I have a serious question. I'm not trying to start a flamewar or to incite any violence--but here goes.
Is it ever ethical to ignore the presence of a robots.txt file on a website? These are some of the considerations I've got in mind:
1.) If someone puts a web site up they're expecting some visits. Granted, web crawlers are using bandwidth without clicking on ads that may support the site but the site owner is putting their site on the web, right, so how reasonable is it for them to expect that they'll never get visited by a bot?
2.) Some sites apparently use a robots.txt exactly in order to keep their site from being crawled by Google or some other utility that might grab prices and therefore allow people to do price comparisons easily. They have private search engines on the site so they obviously want people to be able to search the site; apparently they just don't want people to be able to easily compare their information with other vendors.
As I said, I'm not trying to be argumentative and I'm not trying to start a big argument; I would just like to know if anyone has ever come up with a case where it's ethically permissible to ignore the presence of a robots.txt file? I cannot think of a case where it's permissible to ignore the robots.txt mainly because people (or businesses) are paying money to put up their web sites so they should be able to tell the Googles/Yahoos/Other SE's of the world that they don't want to be on their indices.

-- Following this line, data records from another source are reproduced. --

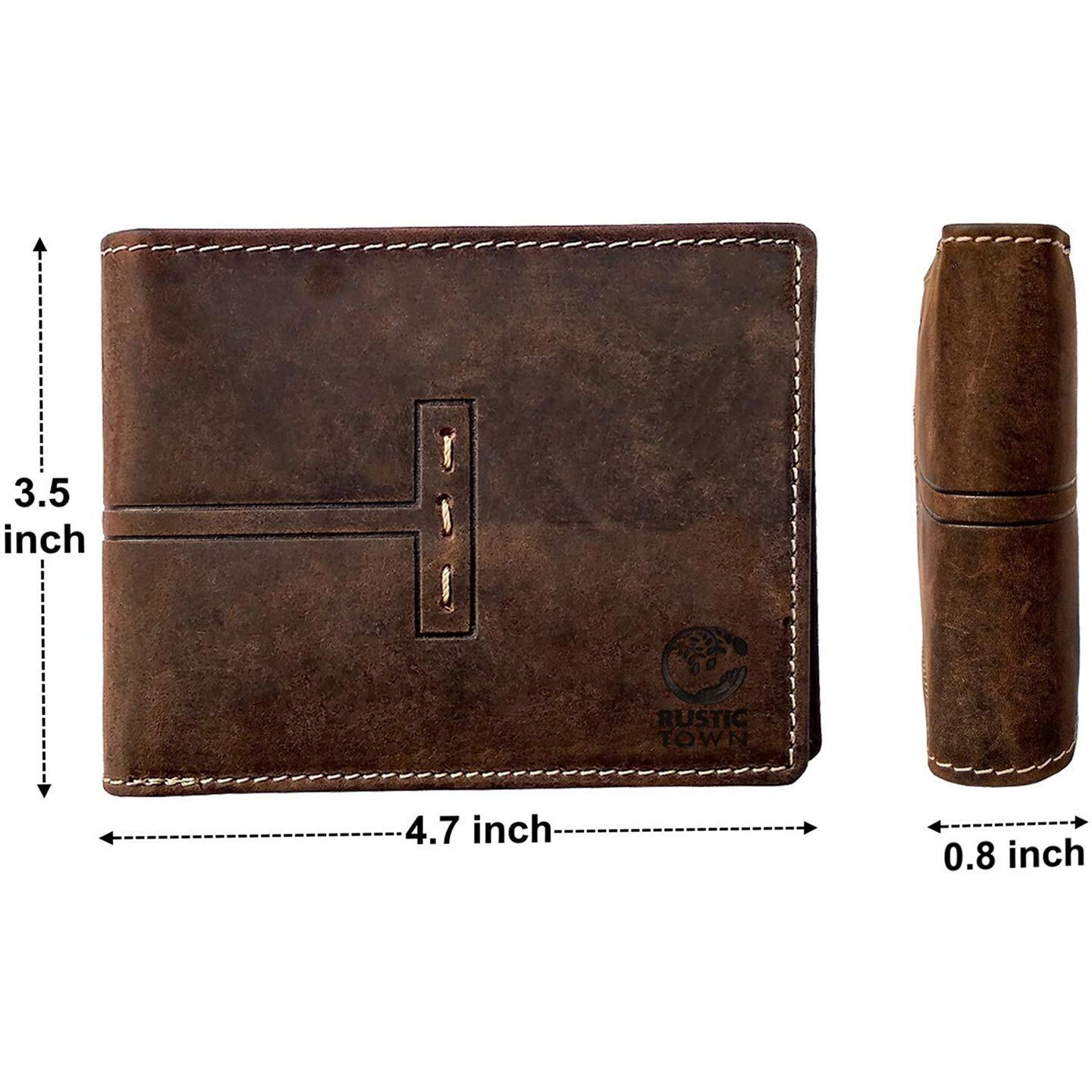 RUSTIC TOWN Mens Wallets - Full Grain Leather Rfid Wallet for Men With ID Window, Card Slots and Coin Pocket (Large, Dark Brown)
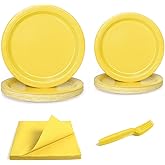 UVTQSSP 96 Pcs Party Plates, Yellow Paper Plates and Napkins, Disposable Tableware Set, Party Supplies for Kids Birthday Baby Shower Wedding Picnic, Serve for 24 Guests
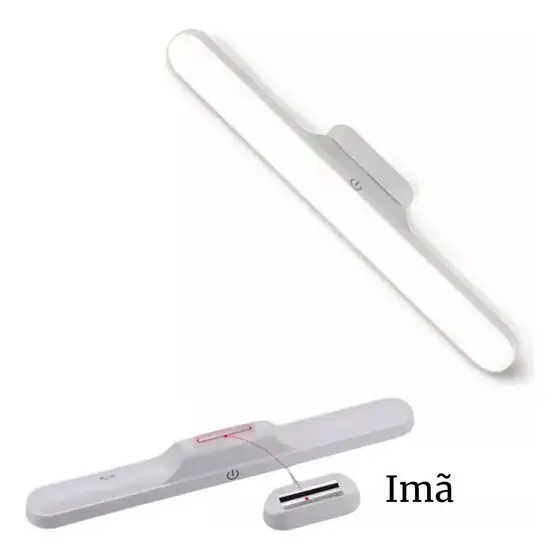 Lâmpada Led Magnética 3 Cores Dimerizável Escritório 30cm Branco Neutro Quente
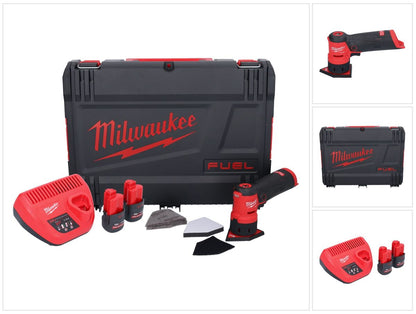 Meuleuse à pointes sur batterie Milwaukee M12 FDSS-252X 12 V 88,8 x 63,5 mm sans balais + 2x batterie 2,5 Ah + chargeur + boîtier HD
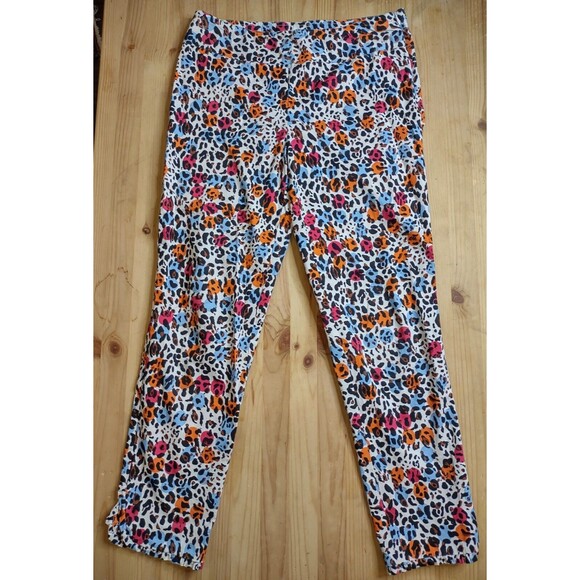 Sara Campbell The Sheri Pant Womens Medium Mini Hem Ruffle Animal Print Colorful - Picture 1 of 10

To put this discussion in context, I'd like to create a price comparison website and one of the major vendors has a robots.txt that basically prevents anyone from grabbing their prices. I'd like to be able to get their information but, as I said, I can't justify simply ignoring the wishes of the site owner.
I am making this a community wiki question exactly because I believe it might generate some spirited debate. Or maybe not.
I suspect this discussion may belong elsewhere and if it does, just let me know. I have seen some very sharp discussion here and that's why I would like to hear the opinions of developers that follow Stack Overflow.
By the way, there is some discussion of this topic on a Hacker News question but they seem to mainly focus on the legal aspects of this.